⌘+k ctrl+k
Search Shortcut cmd + k | ctrl + k
Aggregate Functions

Examples

Produce a single row containing the sum of the amount column:

SELECT sum(amount)
FROM sales;

Produce one row per unique region, containing the sum of amount for each group:

SELECT region, sum(amount)
FROM sales
GROUP BY region;

Return only the regions that have a sum of amount higher than 100:

SELECT region
FROM sales
GROUP BY region
HAVING sum(amount) > 100;

Return the number of unique values in the region column:

SELECT count(DISTINCT region)
FROM sales;

Return two values, the total sum of amount and the sum of amount minus columns where the region is north using the FILTER clause:

SELECT sum(amount), sum(amount) FILTER (region != 'north')
FROM sales;

Returns a list of all regions in order of the amount column:

SELECT list(region ORDER BY amount DESC)
FROM sales;

Returns the amount of the first sale using the first() aggregate function:

SELECT first(amount ORDER BY date ASC)
FROM sales;

Syntax

Aggregates are functions that combine multiple rows into a single value.

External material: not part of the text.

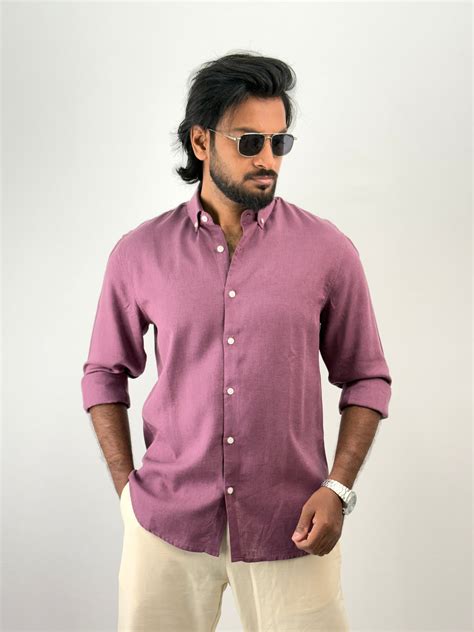 Lavender Linen Shirt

Aggregates are different from scalar functions and window functions because they change the cardinality of the result. As such, aggregates can only be used in the SELECT and HAVING clauses of a SQL query.

DISTINCT Clause in Aggregate Functions

When the DISTINCT clause is provided, only distinct values are considered in the computation of the aggregate. This is typically used in combination with the count aggregate to get the number of distinct elements; but it can be used together with any aggregate function in the system.

ORDER BY Clause in Aggregate Functions

An ORDER BY clause can be provided after the last argument of the function call. Note the lack of the comma separator before the clause.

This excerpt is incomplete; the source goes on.